Omit the images, then output each of the records below exactly.

________________

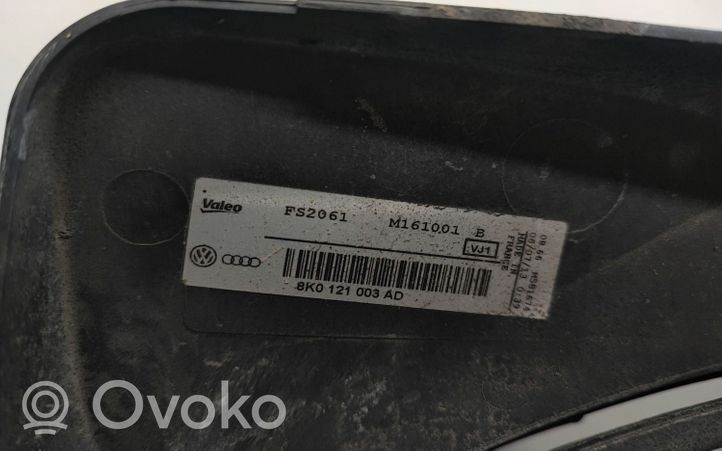 Audi A6 S6 C7 4G Ventilatore di raffreddamento elettrico del radiatore 8K0959501G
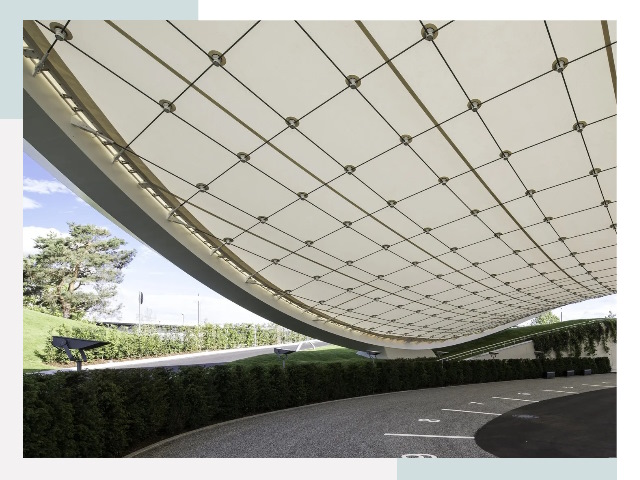 Мембранные конструкции в Канаше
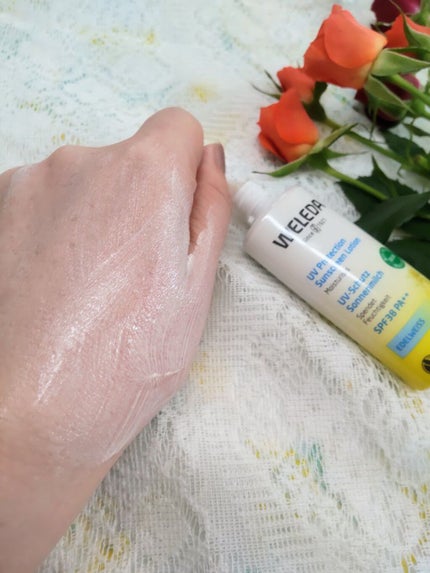 エーデルワイス UVプロテクト/WELEDA/化粧下地を使ったクチコミ(4枚目)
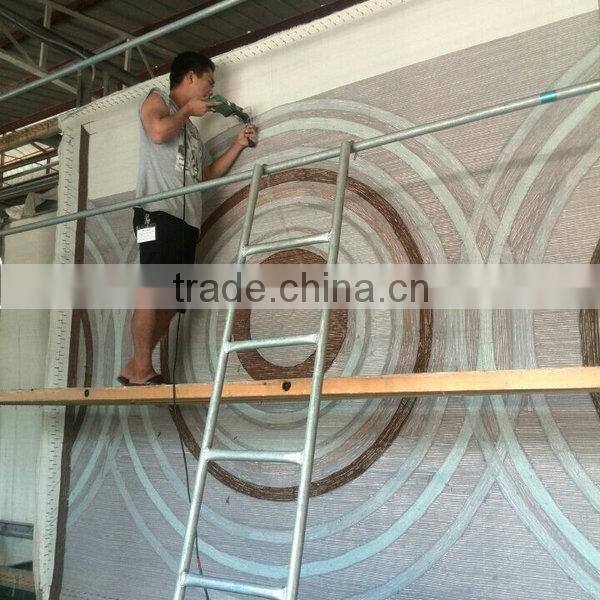 100%Nylon materail Customized home commercial use printed carpet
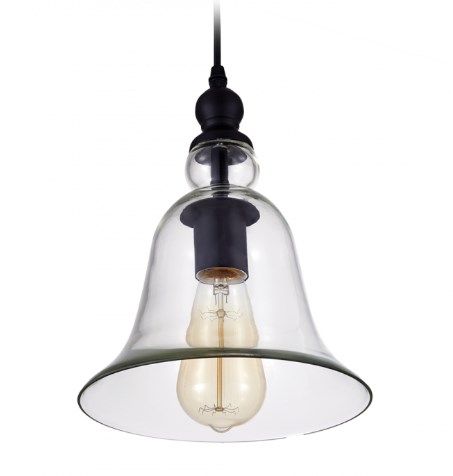 картинка Современные подвесные светильники Подвес COSMOLIGHT PARIS P01789BK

________________

Result of the task:
 Audi A6 S6 C7 4G Ventilatore di raffreddamento elettrico del radiatore 8K0959501G
 Мембранные конструкции в Канаше
 エーデルワイス UVプロテクト/WELEDA/化粧下地を使ったクチコミ(4枚目)
 100%Nylon materail Customized home commercial use printed carpet
 картинка Современные подвесные светильники Подвес COSMOLIGHT PARIS P01789BK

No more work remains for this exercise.